Ich würde mich freuen, wenn Sie das Anliegen nach ausführlicher Abwägung doch unterstützen könnten oder gibt es irgendwelche sonstigen Interessen, die dagegen sprechen könnten?
Mit freundlichen Grüßen - Matthias Schmidt, Schötmar
Sehr geehrter Herr Schmidt,
die Idee einer Steuer auf internationale Devisentransaktionen geht auf James Tobin (1918-2002) zurück, der damit die kurzfristige Spekulation auf Währungsschwankungen eindämmen wollte. Später distanzierte er sich selbst von der Tobin-Steuer, da sie von Globalisierungskritikern vereinnahmt wurde und die Erzielung zusätzlicher Einnahmen in den Vordergrund rückte.
Die Transaktionssteuer ist nicht Bestandteil des Koalitionsvertrags, da die neue Koalition angetreten ist, um Steuern zu senken, nicht, um neue zu erheben.
Wer sich für die Finanztransaktionssteuer einsetzt, will nur eine neue Einnahmemöglichkeit für den Staat schaffen.
Tatsächlich wird dann aber beim Fonds-, Riester- und Lebensversicherungssparer abkassiert. So würde beispielsweise ein Riester-Sparer, der heute 30 000 Euro brutto verdient und den für die maximale staatliche Förderung notwendigen Betrag einzahlt, damit in 20 Jahren um 4700 Euro gebracht.
Die Finanztransaktionssteuer wäre auch schädlich für die Wirtschaft, denn sie würde die Eigenkapitalfinanzierung börsennotierter Unternehmen in dem Maße verteuern, in dem sie die Kapitalkosten erhöht. Finanzblasen lassen sich durch eine Steuer nicht verhindern. Dazu sind ein stabiles Geldwesen und eine effektive Bankenaufsicht notwendig. Eine international eingeführte Finanztransaktionssteuer ist somit aufgrund der zusätzlichen Belastungen abzulehnen.

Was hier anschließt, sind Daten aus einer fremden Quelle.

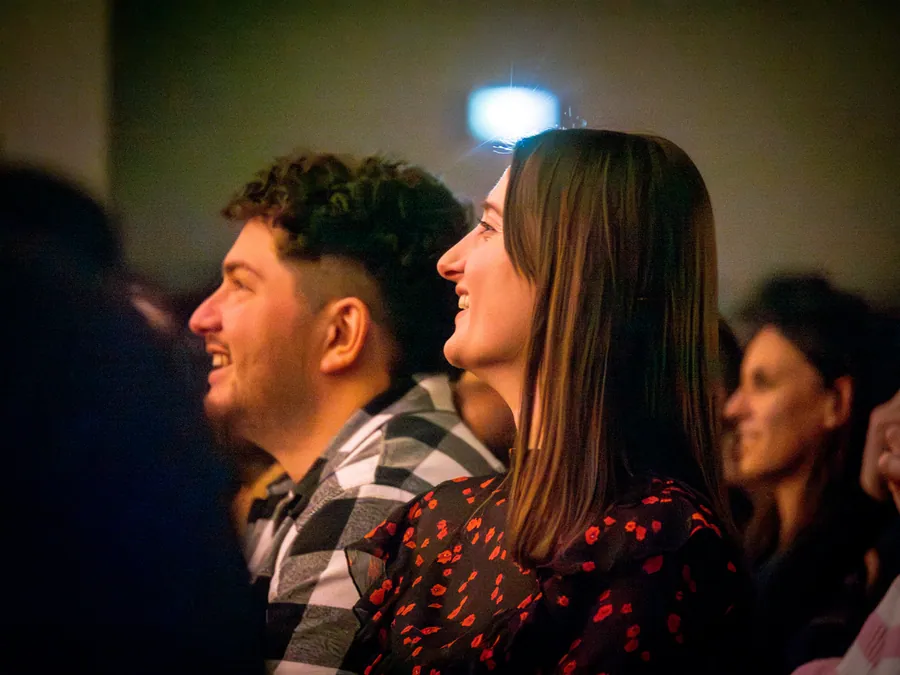 Des spectateurs attentifs à la soirée d’ouverture de saison de la SAP à La Plagne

Noch viel schlimmer wäre die Einführung einer Börsenumsatzsteuer nur in Deutschland, wie sie alternativ auch in der Petition gefordert wird. Die Chancen für eine internationale Einigung über die Finanztransaktionssteuer sind gering, denn US-Finanzminister Geithner sagte dazu bei dem letzten G20-Finanzministertreffen: „Das ist nichts, zu dessen Unterstützung wir bereit wären.“ (Handelsblatt vom 9.11.2009 „Brown scheitert mit Finanzmarktsteuer“). Eine rein nationale Einführung hätte verheerende Folgen für den Finanzplatz Deutschland. So hat Schweden die Börsenumsatzsteuer 1984 eingeführt und dabei Einnahmen von 1500 Mio. Schwedischen Kronen erwartet, tatsächlich waren es nur 50 Mio. pro Jahr. Es gab nachteilige Auswirkungen für den Finanzplatz: Eine Woche nach Einführung der Steuer ging der Handel mit Bonds um 85 % zurück. Das Handelsvolumen von Futures und Optionen sank um 98 %. Zeitgleich mit der Ankündigung der Verdopplung der schwedischen Börsenumsatzsteuer im Jahr 1986 verlagerten sich 60 % des Handelsvolumens der elf am stärksten gehandelten schwedischen Werte, die insgesamt 50 % des gesamten Handelsvolumens ausmachten, nach London. Bis 1990 verschärfte sich dieser Trend und mehr als 50 % der schwedischen Titel wurden nur noch in London gehandelt. Die 100%ige Anhebung der Steuer zog einen Anstieg von 22 % der Einnahmen nach sich.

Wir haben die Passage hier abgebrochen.